Fig 5. Shoc1 DNA binding specificity.

(A) Schematic showing conserved motifs within human SHOC1^570-1111. (B) Shoc1 purification protocol and Coomassie stained SDS-PAGE showing purified SHOC1^570-1111. SHOC1^570-1111 was purified to near homogeneity after Dextrin (1), Mono Q/S (2), and Superdex 200 (3) chromatography. (C) Representative native PAGE gel shift assays showing SHOC1^570-1111 binding to distinct DNA substrates. (D) Quantitation of Shoc1 binding to DNA substrates shown in C (n = 2–3, mean ± SD). (E) Deletion of the (HhH)₂ domain reduces human SHOC1 binding to single-stranded DNA. Schematic diagram of the SHOC1^570-1041 mutant and structural characteristics of (HhH)₂ domains of human XPF, SHOC1 and MUS81 are also shown. Coomassie stained SDS-PAGE showing purified SHOC1^570-1041 is also shown. Mono Q/S (1), and Superdex 200 (2) chromatography.

Fig 6. ATPase activity of purified human SHOC1.

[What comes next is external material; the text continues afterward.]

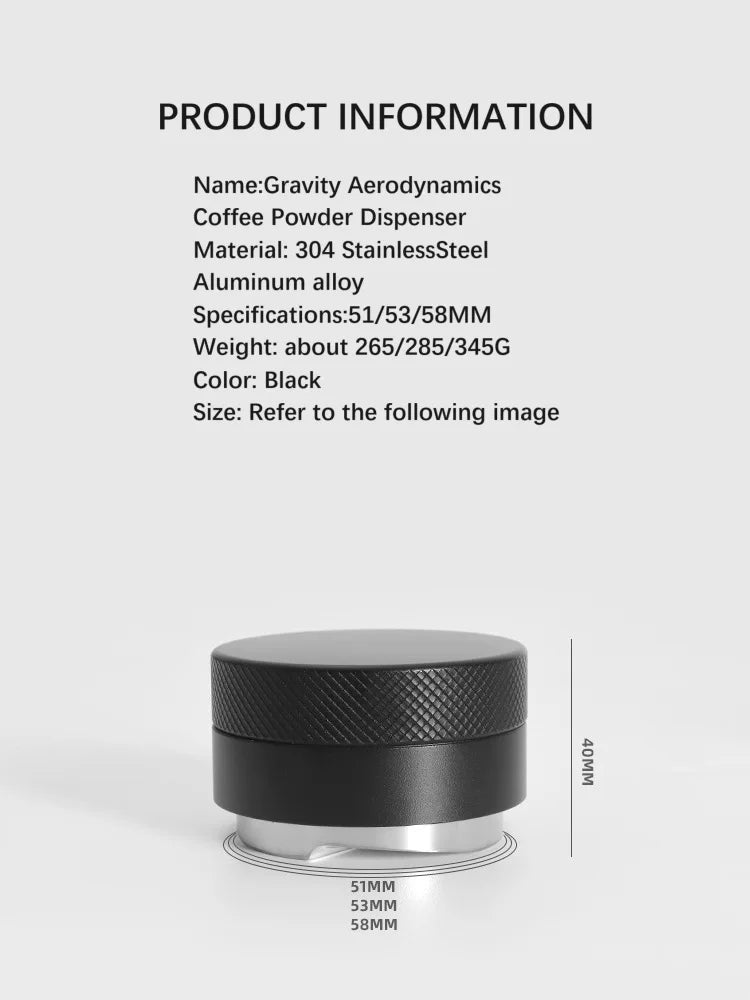 Gravity Aerodynamics Coffee Distributor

(A) The human SHOC1 endonuclease-like domain diverges from a canonical XPF-like sequence. (B) Purified human SHOC1^570-1111 exhibits an ATPase activity, which is stimulated by DNA. Left panel, separation of the products of ATP hydrolysis by thin layer chromatography. Right panel, quantitation of the results (n = 3, mean ± SD).

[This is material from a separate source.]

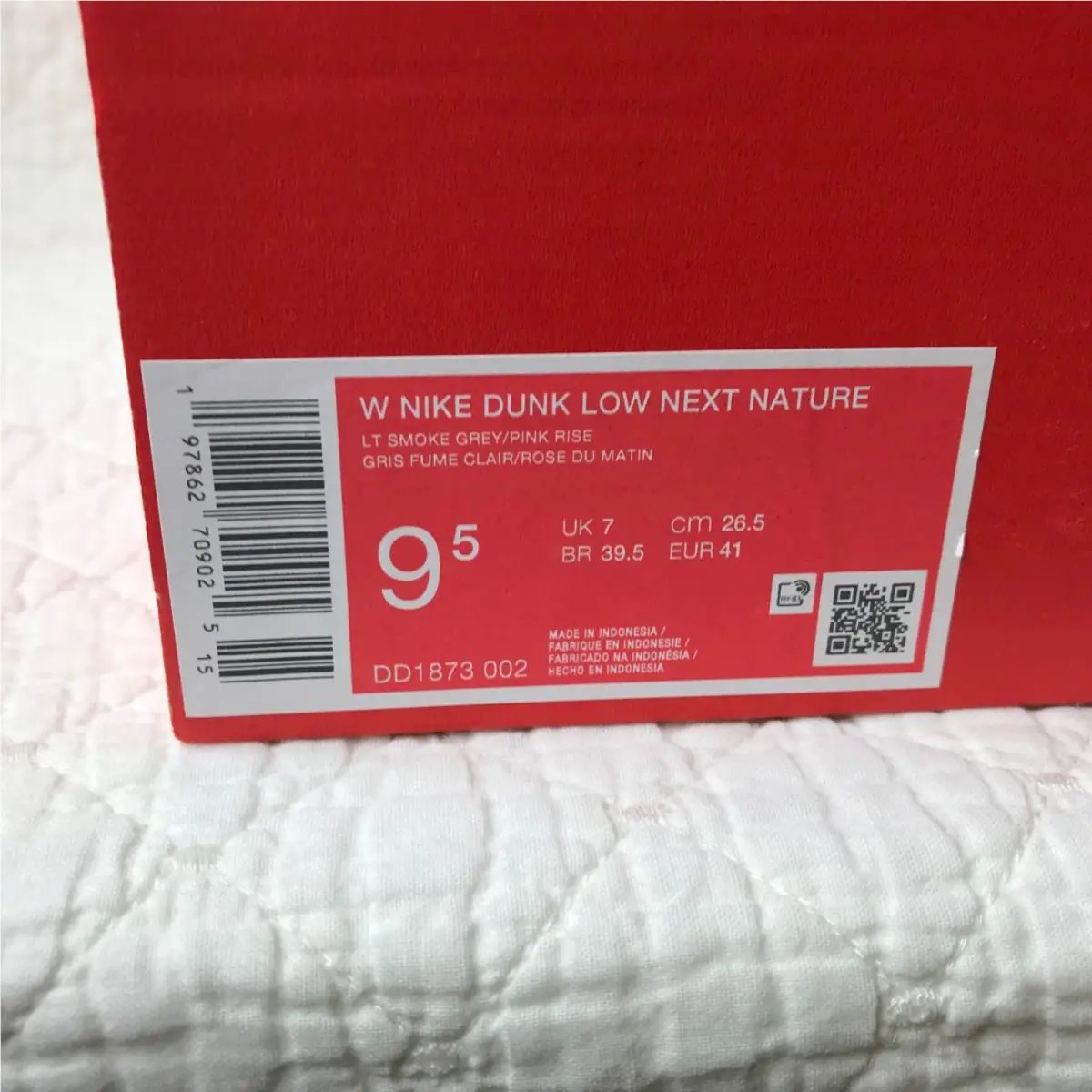 Nike shoes - Nike Dunk Low - Dunk Low - DD1873-002 - smoke grey pink 10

Fig 7. SHOC1 interacts with TEX11.

(A) Direct yeast two-hybrid assay showing the interaction between the C-terminal portion of human TEX11 and human SHOC1. Predicted domains within TEX11 are also shown. (B) Co-immunoprecipitation of TEX11 and SHOC1 from total testis extract of 13 day-old mice. Samples in IgG, SHOC1, and TEX11 lines are 6X compared to input.

Fig 8. Proposed function of SHOC1 in meiotic recombination.

SHOC1 selectively binds and protects branched recombination intermediate structures from dissociation. BLM: Bloom Syndrome RecQ like Helicase.